## YOUR ASSIGNMENT:
Using the data that follows, give again word for word the lines between the one holding "Maybelline New York" and the one holding "Maison 6 pièces", inclusive. Omit the pictures.

## GIVEN RECORDS:
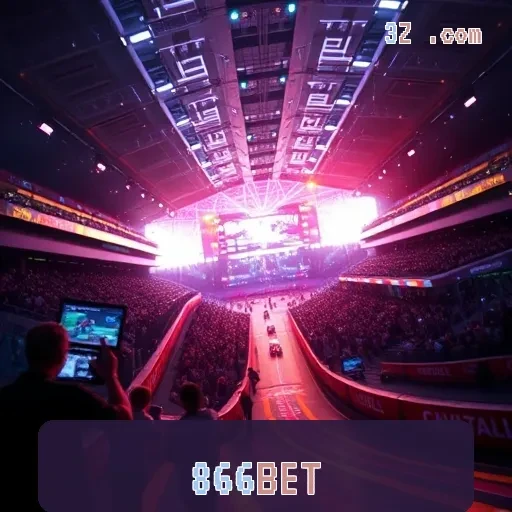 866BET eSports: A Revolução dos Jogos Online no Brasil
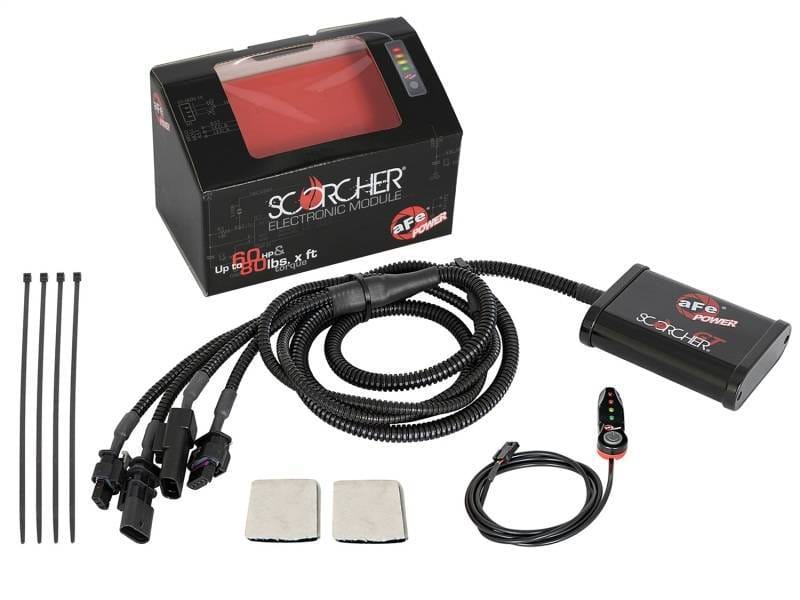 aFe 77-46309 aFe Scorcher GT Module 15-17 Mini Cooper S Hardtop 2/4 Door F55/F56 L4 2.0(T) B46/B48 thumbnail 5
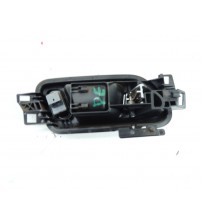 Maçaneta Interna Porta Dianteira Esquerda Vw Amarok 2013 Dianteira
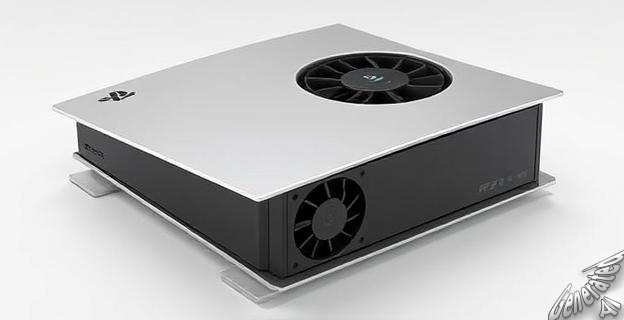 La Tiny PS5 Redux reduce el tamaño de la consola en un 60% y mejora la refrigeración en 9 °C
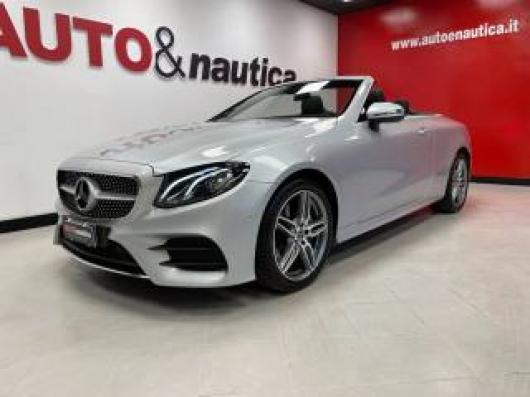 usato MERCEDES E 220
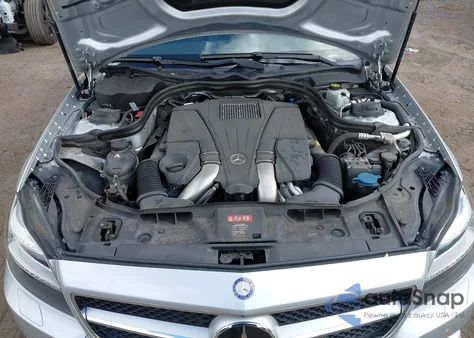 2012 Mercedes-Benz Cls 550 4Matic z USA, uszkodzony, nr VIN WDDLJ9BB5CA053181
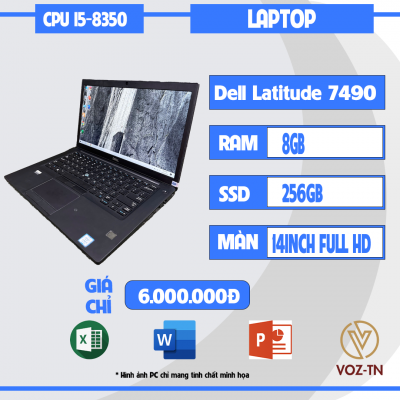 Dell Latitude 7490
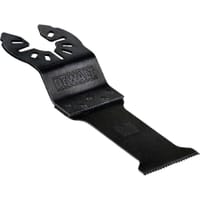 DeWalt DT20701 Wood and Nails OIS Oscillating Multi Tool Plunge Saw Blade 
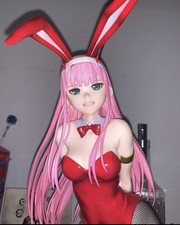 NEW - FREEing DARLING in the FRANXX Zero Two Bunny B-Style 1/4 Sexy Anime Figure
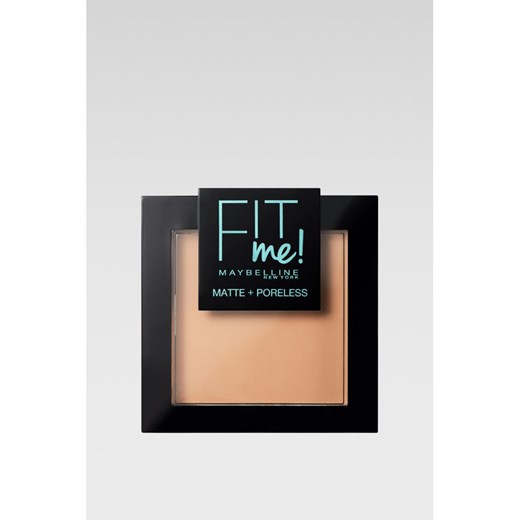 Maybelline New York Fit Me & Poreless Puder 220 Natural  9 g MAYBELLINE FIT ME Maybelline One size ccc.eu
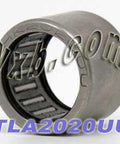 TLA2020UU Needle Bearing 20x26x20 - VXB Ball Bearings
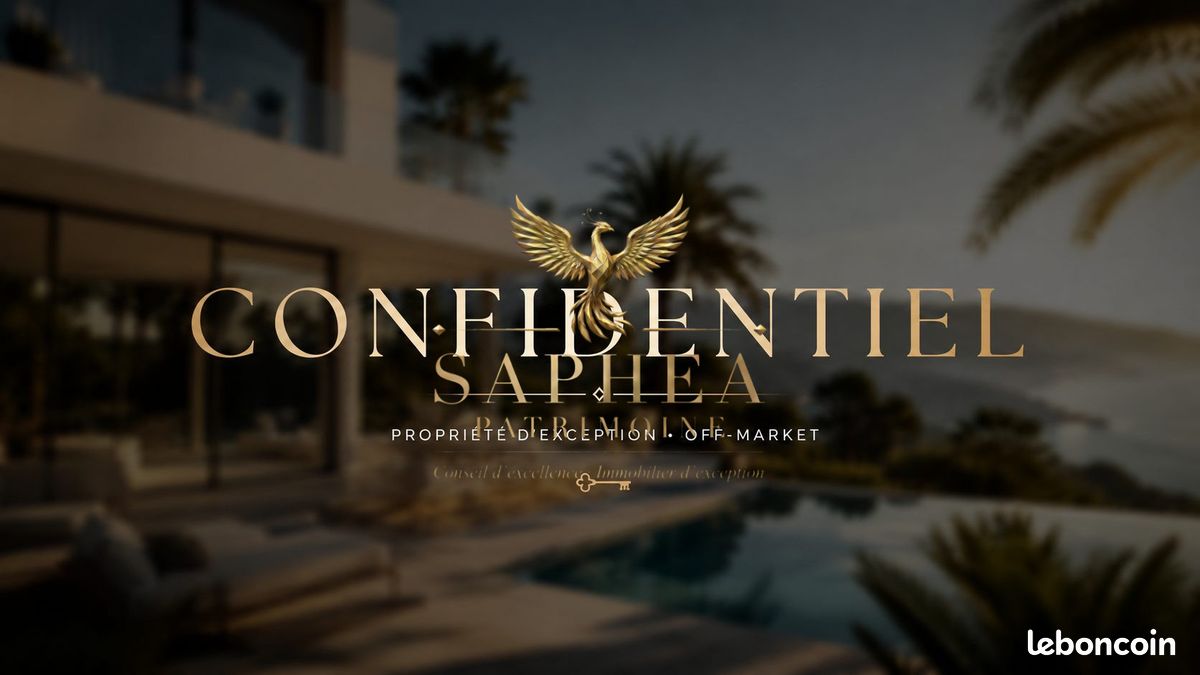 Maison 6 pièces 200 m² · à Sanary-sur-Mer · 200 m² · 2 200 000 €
==
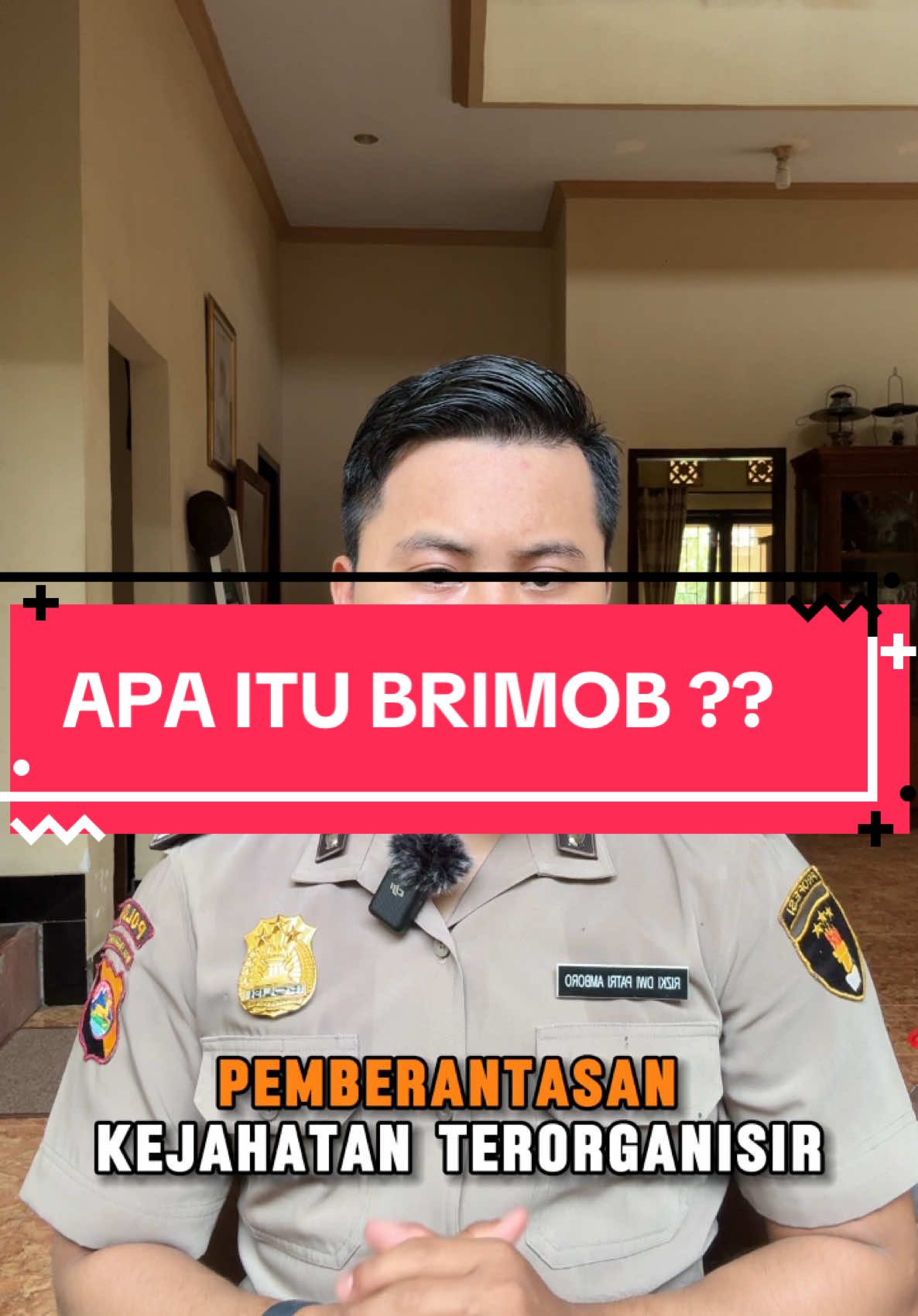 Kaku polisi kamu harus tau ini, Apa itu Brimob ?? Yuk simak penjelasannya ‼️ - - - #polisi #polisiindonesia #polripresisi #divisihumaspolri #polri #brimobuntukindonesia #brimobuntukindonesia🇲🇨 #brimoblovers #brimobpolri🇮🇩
--
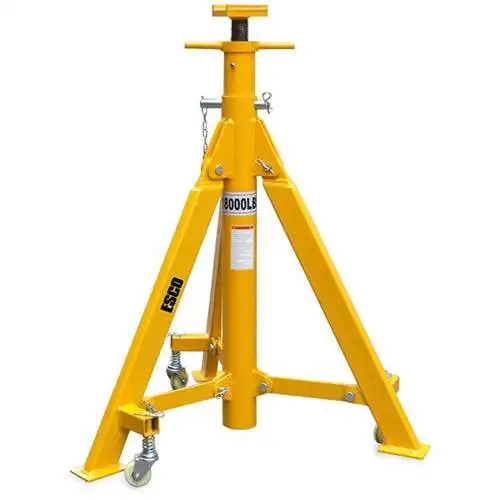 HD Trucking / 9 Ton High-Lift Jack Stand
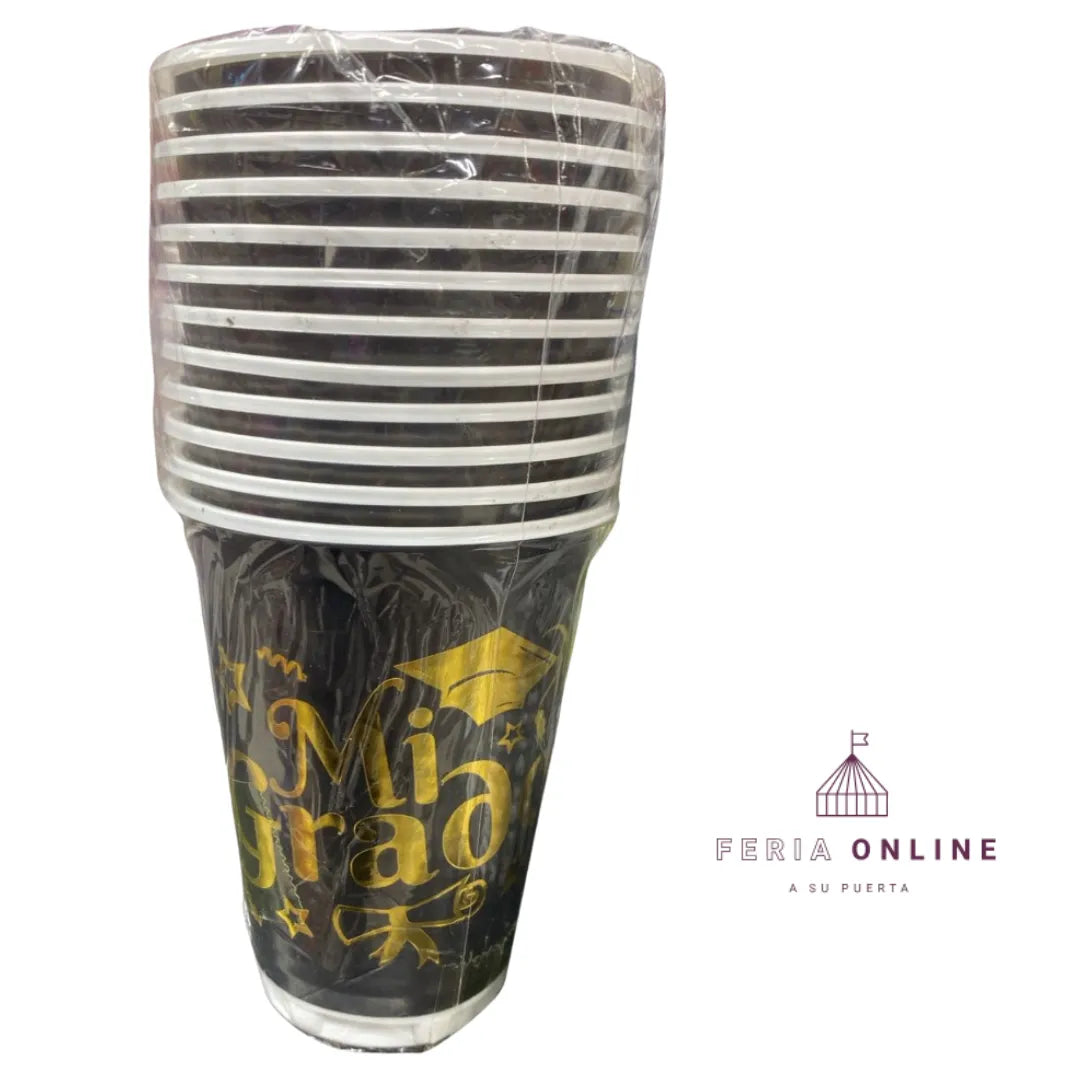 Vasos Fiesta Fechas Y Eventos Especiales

## SOLVED PROBLEM:
 Maybelline New York Fit Me & Poreless Puder 220 Natural  9 g MAYBELLINE FIT ME Maybelline One size ccc.eu
 TLA2020UU Needle Bearing 20x26x20 - VXB Ball Bearings
 Maison 6 pièces 200 m² · à Sanary-sur-Mer · 200 m² · 2 200 000 €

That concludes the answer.